L'assassinat de Gaby Maire restera impuni
Les amis du prêtre jurassien disparu au Brésil à la veille de Noël 1989 saluent néanmoins le discours très fort prononcé par le juge obligé par la loi brésilienne à prononcer la prescription.
« Excusez-moi, France, parce que la mort de votre fils Gabriel reste impunie. Excusez-moi, Église Catholique de France, parce que notre omission a fait d’un Père un martyr. Excusez-moi, Père Gabriel - excusez-moi, Père - pour l’absence de justice. Excusezmoi ! » Ces paroles ont été prononcées le 18 octobre dernier par le juge brésilien Pedro Valls Rosa, contraint 28 ans après les faits de déclarer la prescription dans l’enquête pour identifier les commanditaires de l’assassinat du père Garbiel Maire.
Tué la veille de Noël
Les faits se sont produits à la veille de Noël 1989 dans la ville de Vitoria. Cela faisait 9 ans que le prêtre jurassien vivait au Brésil. Au nom de l’Évangile, il s’était fait le défenseur de familles démunies à accéder à la propriété foncière.
La justice brésilienne avait, dans un premier temps, estimé que Gaby Maire avait succombé à un crime crapuleux. Trois exécutants comparurent en 1991 mais lors d’un simulacre d’évasion, un fut tué, un autre blessé, le 3e plus malin n’a pas voulu sortir de prison, ce qui lui a sauvé la vie. Ce jugement n’a convaincu personne, sauf le milieu judiciaire de l’époque.

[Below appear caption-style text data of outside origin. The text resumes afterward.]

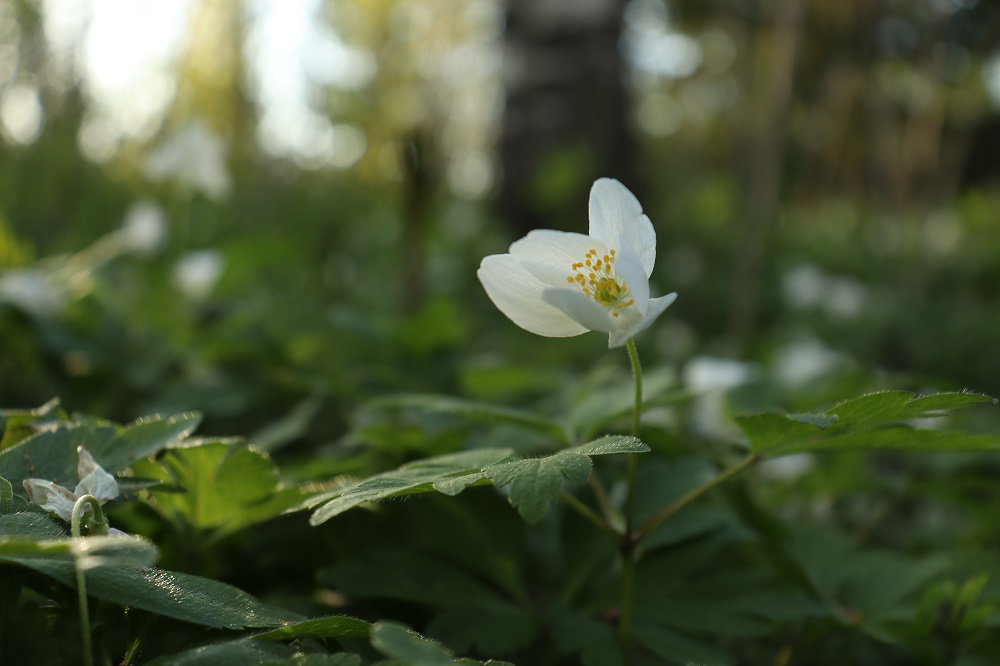 Read more about the article Kevään tuoksu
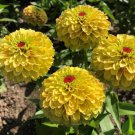 100 Seeds Queeny Lemon Peach Zinnia Seeds For Garden Planting Easy to Grow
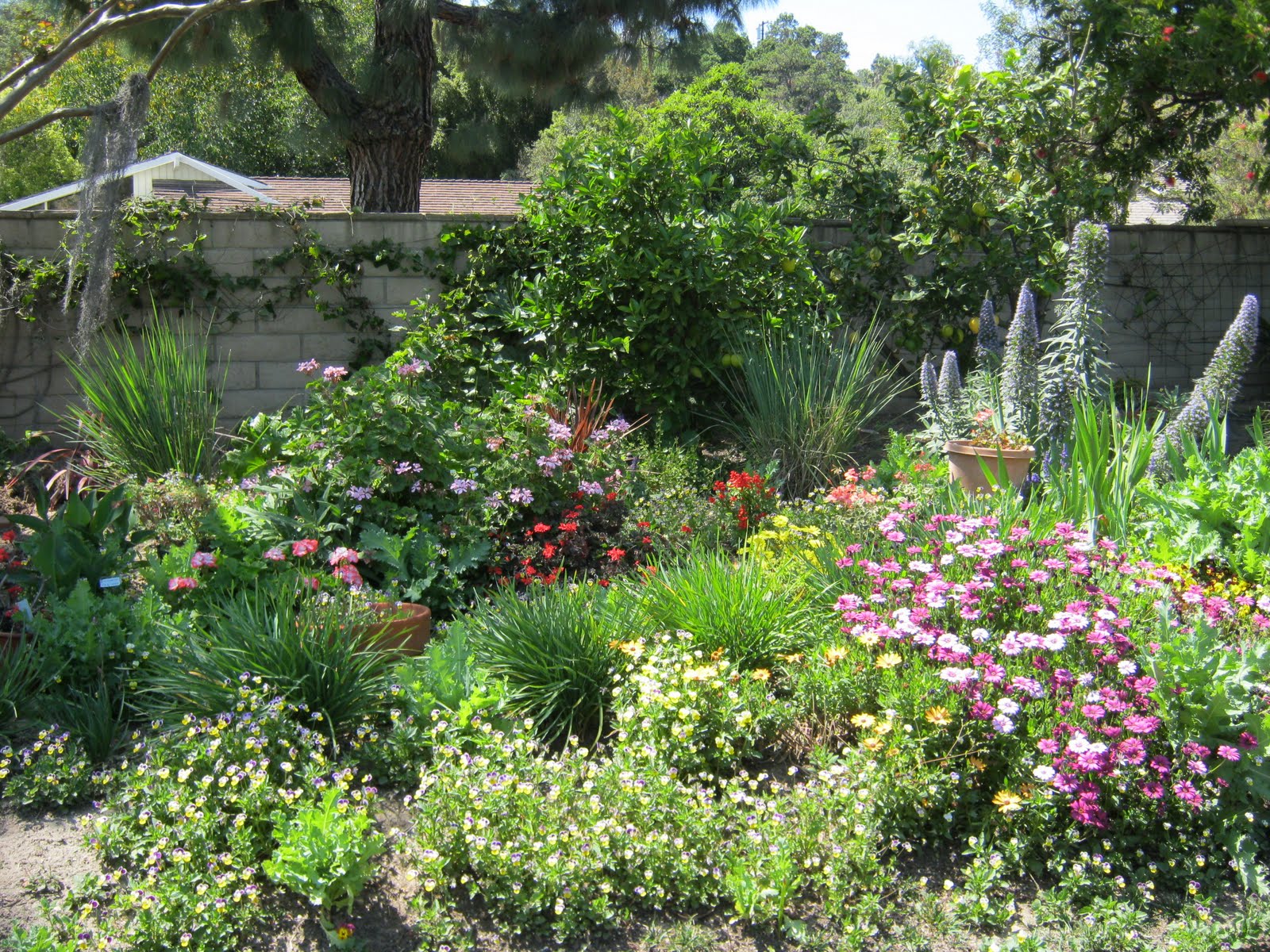 What Grows in Fullerton? Fullerton Beautiful Garden Tour, 2011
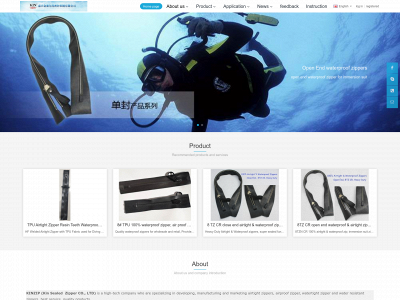 kinzip.com snapshot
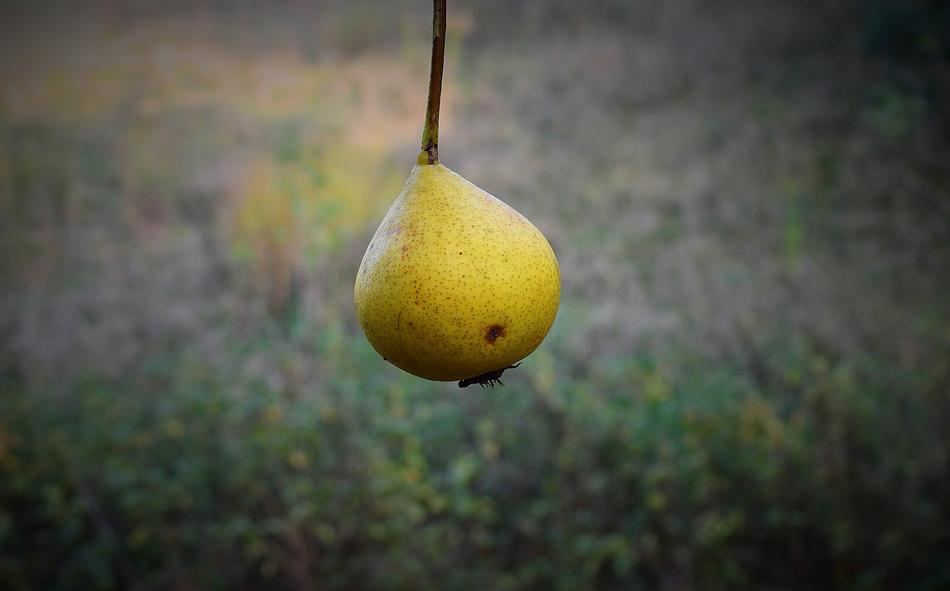Close-up of the beautiful and colorful, ripe pear, among the colorful plants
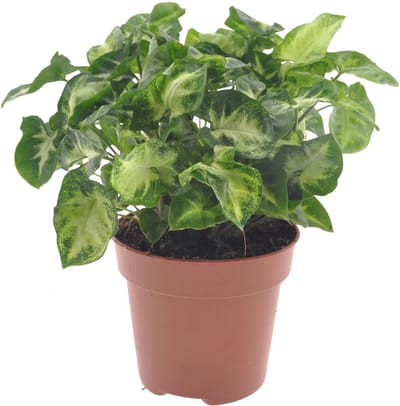 Plantenboetiek.nl | Syngonium Pixie - Ø12cm - 20cm hoog - Kamerplant - Groenblijvend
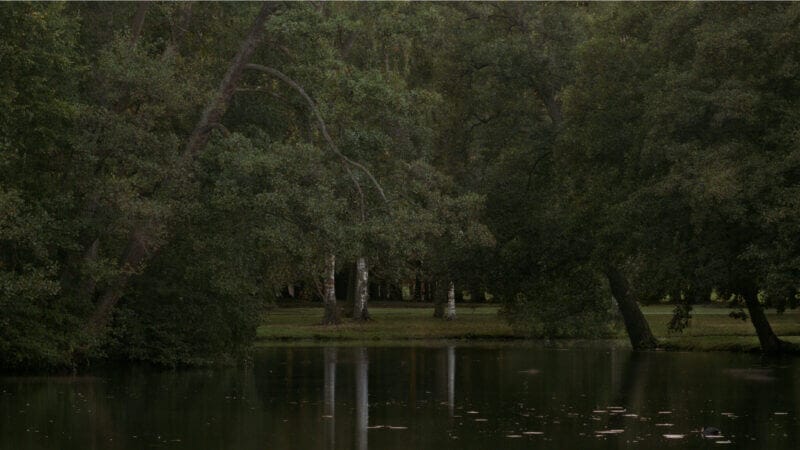 Täta gröna träd gränsar till en lugn sjö, med reflektioner i vattnet och ett gräsbevuxet område syns i bakgrunden.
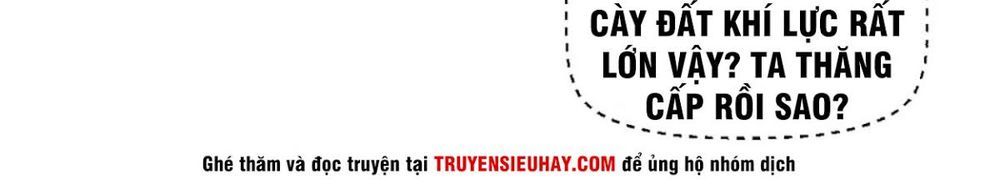 Chiếm Cái Đỉnh Núi Làm Đại Vương Chapter 20 - Trang 2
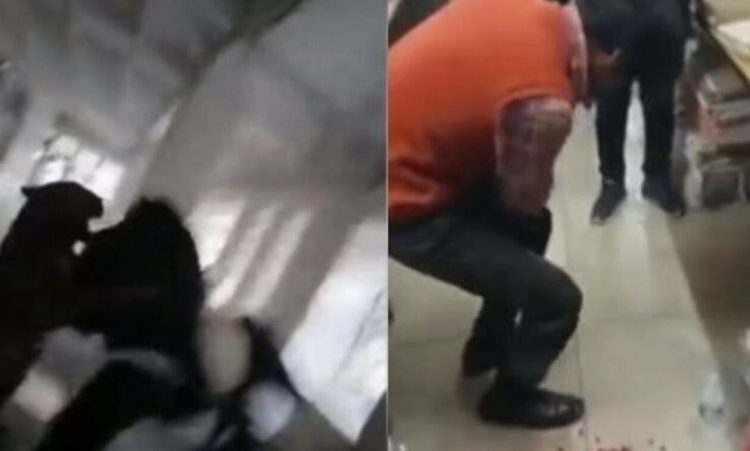 Ινδία: Λεοπάρδαλη εισέβαλε σε δικαστήριο και κατασπάραξε 5 ανθρώπους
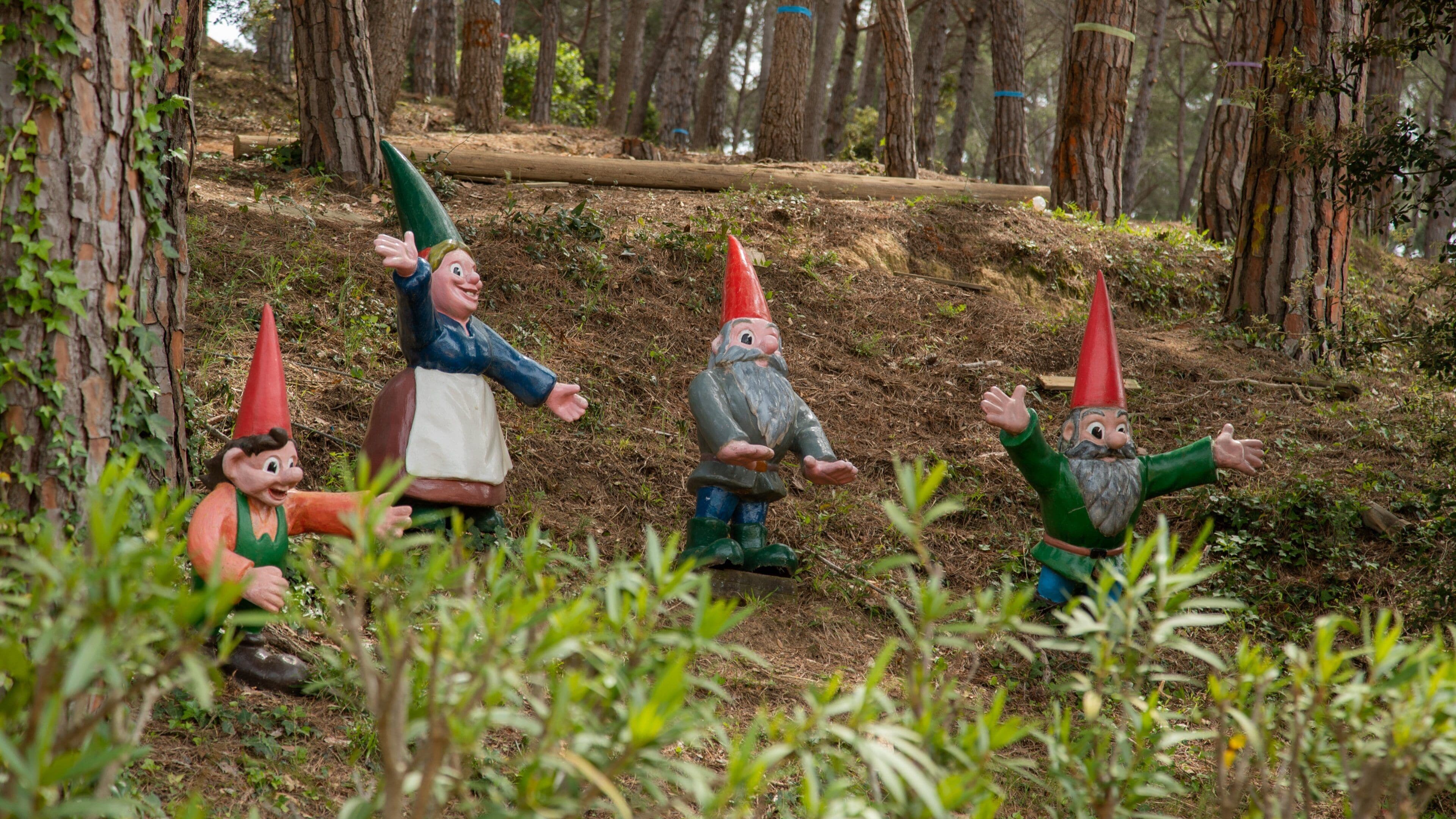 Gnomo Park showing a park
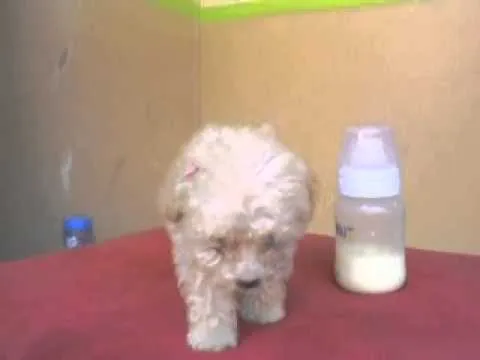 Perros tacita de te recien nacidos - Imagui Perros tacita de te recien nacidos - Imagui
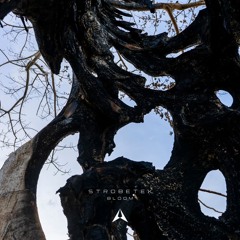 Strobetek - Bloom (Extended Mix)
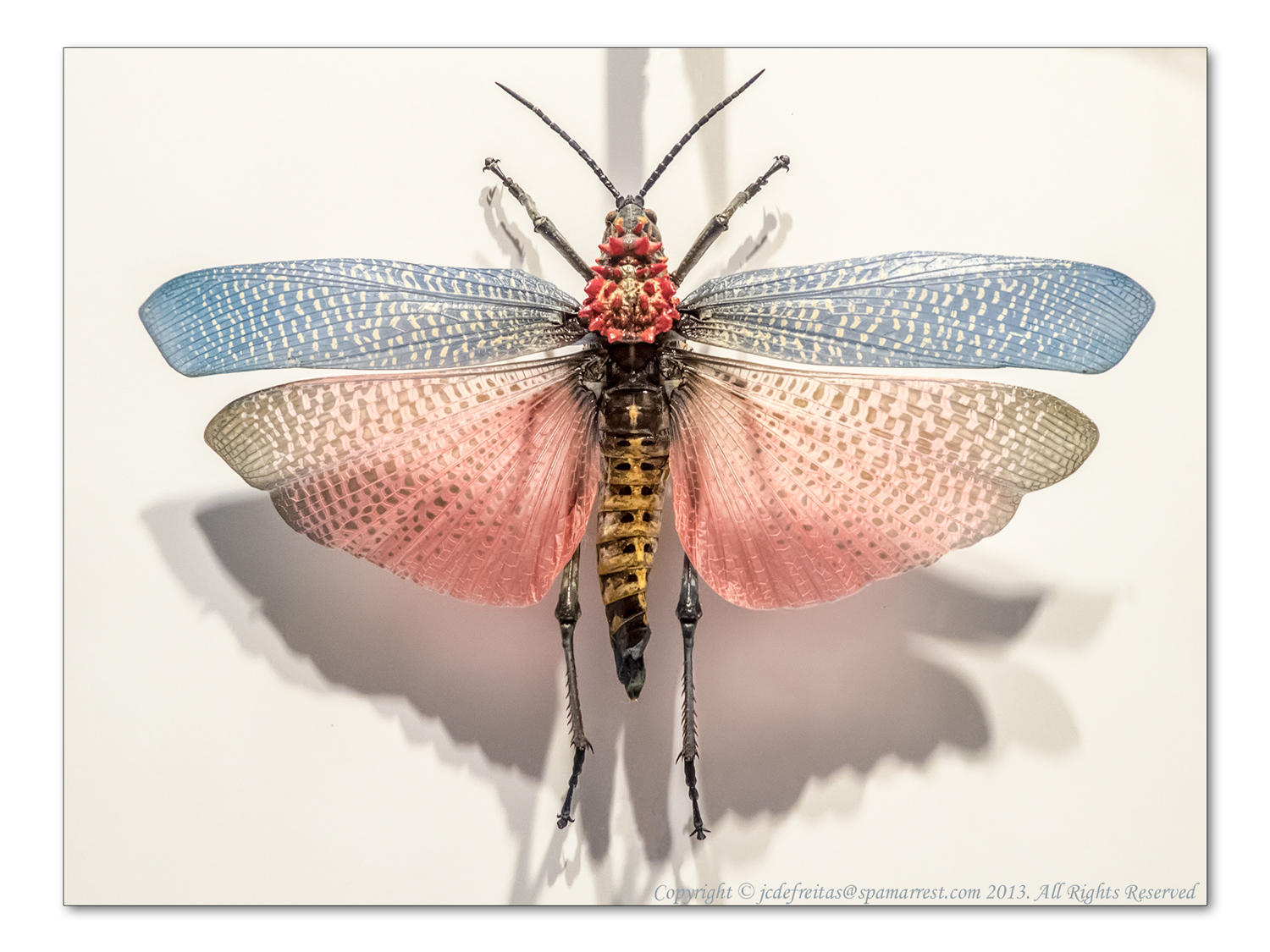 2014 - Insectarium - Montreal Botanic Garden, Quebec - Canada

Il y a dix ans, l’affaire relancée
Il faudra toute l’obstination des proches et amis, tant en France qu’au Brésil, pour que l’affaire n’en reste pas là. Ils ont cru aboutir en 2007, quand des éléments qui n’avaient pas été versés au procès amenèrent la justice brésilienne à retenir la qualification de crime prémédité et commandité. L’hebdomadaire
Témoignage Chrétien applaudissait : « Le vent politique a tourné pour les familles maffieuses et les fazenderos de l’État de l’Esperito Santo ». Cette décision « permet de croire que peu à peu, par le courage des juges, sous la pression des associations et une volonté politique nette, le droit l’emportera », commentaire Guy Aurenche, l’avocat de la famille Maire.
Le nouveau procès un temps espéré n’aura finalement pas lieu. « Est décrétée l’impunité, je veux dire, la prescription »,a conclu le juge. Un lapsus volontaire qui, pour les Amis de Gaby Maire, montre que ces vingt-huit années de combat ne furent pas tout à fait vaines. Son président Raymond Perrin observe que « le juge Pedro Valls Feu Rosa, le ’’desembarcador’’ en portugais, a prononcé cette prescription, le coeur gros, à l’issue d’une déclaration de 13 pages, particulièrement forte. Il revient sur le parcours du prêtre en exprimant son admiration pour lui, en relevant le don que ce dernier a fait de sa vie au service du peuple brésilien. Il n’hésite pas à se référer à Émile Zola et à accuser la lenteur de la justice qui a permis que triomphe l’impunité ».
L’association et la famille souhaitent faire savoir cette décision. « Il s’agit de faire connaître largement le parcours de cet homme d’exception, de témoigner de ce que ce prêtre, originaire de Port-Lesney, a réalisé auprès des plus pauvres dans ce quartier déshérité de Cariacica, près de Vitôria, capitale de l’État de l’Espirito Santo et de lui rendre ainsi l’hommage qu’il mérite ».
’’Profeta Gabriel’’
Les personnes qui ont connu le père Gabriel Maire au Brésil continuent à entretenir son souvenir avec beaucoup de ferveur. A Vitoria, le 23 de chaque mois, des personnes se retrouvent pour partager d’après la parole de Dieu et réfléchir à ses implications dans la société. Un élu local a créé le prix Padre-Gabriel qui est remis chaque année à des personnes qui défendent les droits de l’homme. Le 25e anniversaire de sa disparition a été salué par la parution d’un livre en Portugais avec ce titre rappelant ce qui guidait l’action de celui qu’ils nomment ’’Profeta Gabriel’’ : « Je préfère mourir pour la vie que vivre pour la mort ».